The people of North Carolina pay federal taxes. Our tax dollars help fund the 90 percent federal match on Medicaid expansion enrollees for states that have expanded Medicaid under the Affordable Care Act. The North Carolina General Assembly has not expanded Medicaid for North Carolinians. Not only does this leave half a million of our neighbors without health care coverage, it also leaves billions of federal dollars on the table. Dollars that North Carolina tax payers sent to Washington. Dollars that Washington is trying to send back to North Carolinians who qualify for healthcare coverage under the law of the land.
Many of us are so desperate to break through this illogical dystopia, we’ve come to see ill gain as good gain. The current proposal to “close the gap”—we dare not call it Medicaid expansion—by charging people a premium and imposing a work reporting requirement is hailed as progress.
Sometimes wrong is just wrong, not a little bit wrong or almost right. Just wrong. Denying health care coverage to nearly half a million people is wrong. When we consider the positive ripple effect that coverage would have for their communities—dollars into N.C. means dollars out to the clinics, hospitals, pharmacies, providers—it just gets more wrong. We have strayed so far from acceptable measures of justice in N.C. that any move in that direction is hailed as a victory, even while it’s still wrong.

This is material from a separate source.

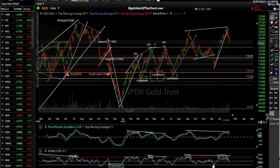Hi, this is Randy Finney with Right Side of the Chart and today is Wednesday, February 7, 2018. In this video, we'll take a look at a couple items. We'll at least get to gold — I've had several questions on gold and GDX in the trading room today. I'll share my thoughts there and then look at the broad markets. And if there's any time left, maybe I'll touch on crude oil and natural gas.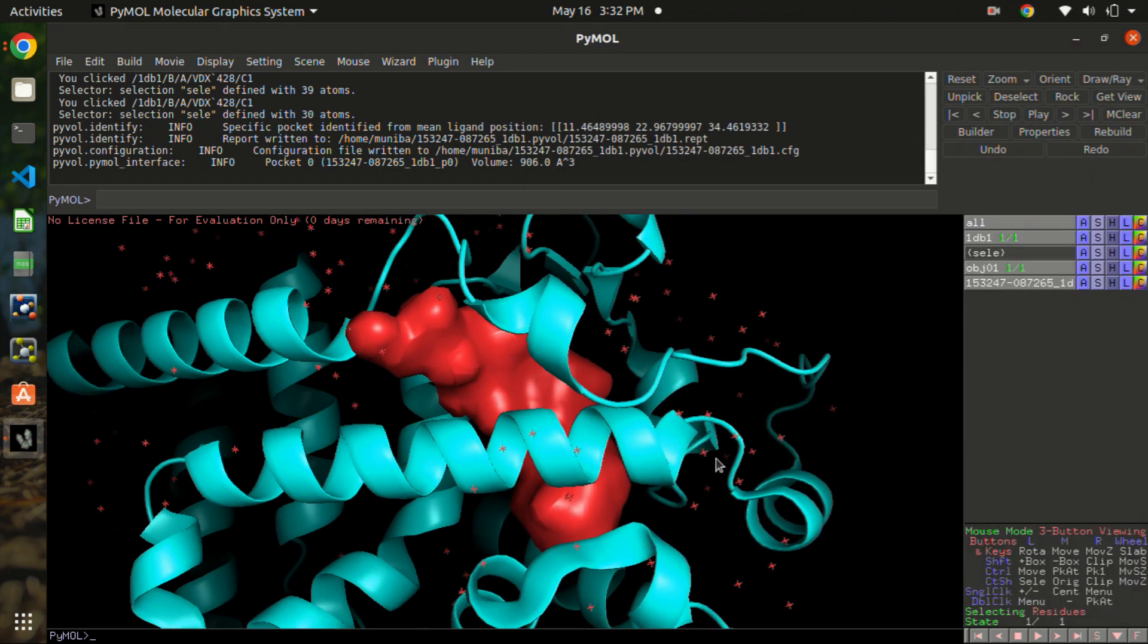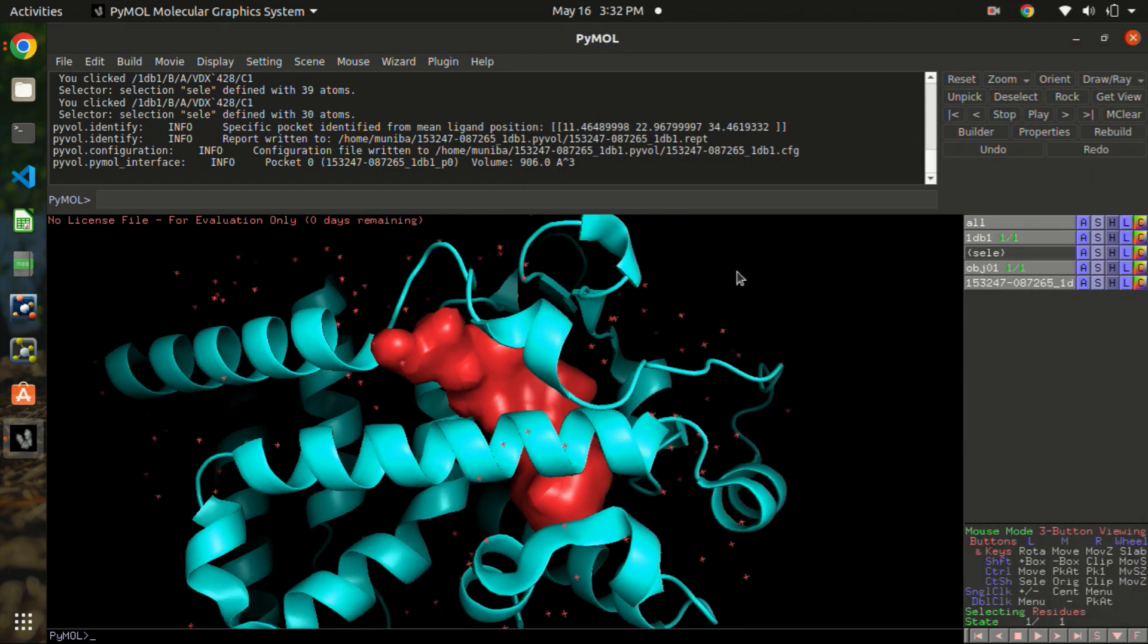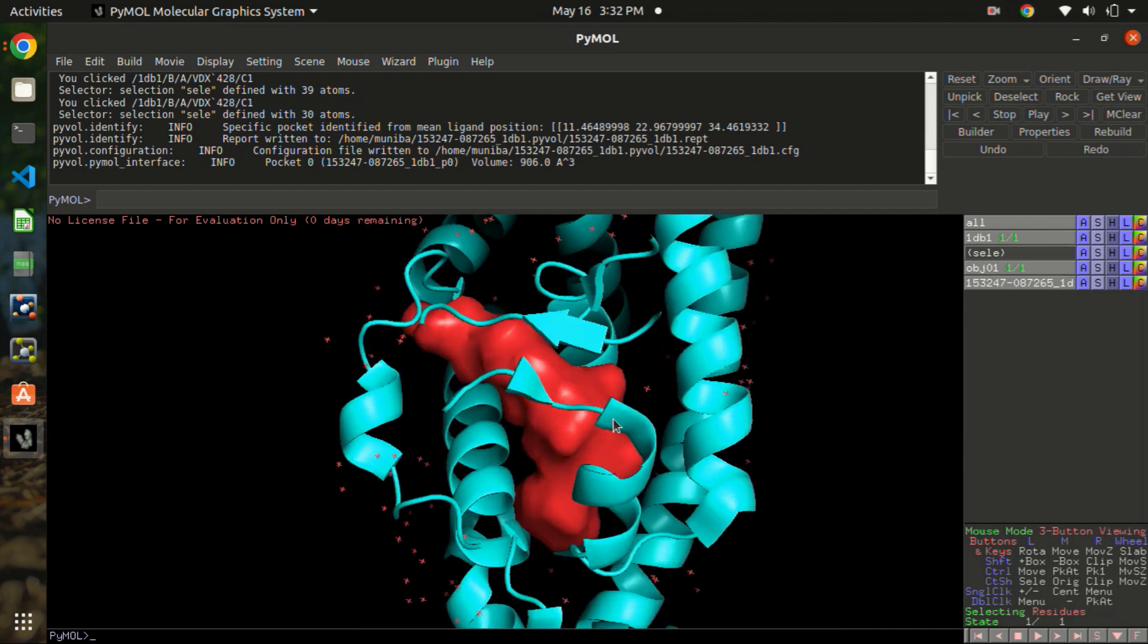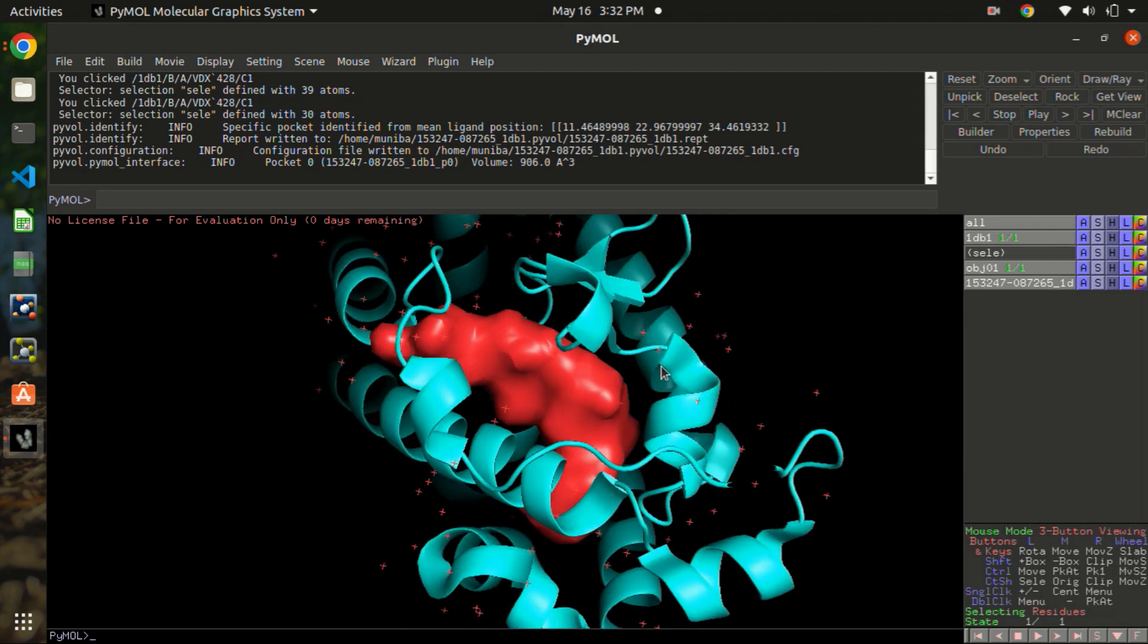So let's see here. This is the pocket that it was showing in the red solid. And now the volume displayed here is 906.0 angstrom.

We are “straining gnats” (Matthew 23:23-24). Work reporting requirements and premium payments are like the “mint, dill, and cummin” measured out by legalists who neglect the “weightier matters of the law: justice, mercy, and faith.”
The data is there to show that requiring premiums creates affordability challenges for people with low incomes in need of health coverage. In the end, they must choose between premiums and groceries. The groceries rightfully win and health coverage is lost, putting us right back where we were. Likewise, a work reporting requirement has been shown to create administrative challenges, to say nothing of being ruled illegal in states that have tried it (Arkansas and Kentucky). Truth is, according to a Kaiser Foundation report, nearly 8 in 10 Medicaid adults are in working families, and most (59%) are working themselves without being required to do so as a condition of coverage. Many others are family care-givers or people who have barriers to work as a result of chronic pain, dental needs, or other untreated medical conditions.
Besides, Medicaid is a healthcare program, not a jobs program.
It’s Holy Week in the Christian faith. For practitioners of this tradition, the call to do justice and love mercy ranks supreme. There is no need to compromise. We can have Medicaid expansion and all the good it brings without the encumbrance of regulations and stipulations. And that would not be wrong.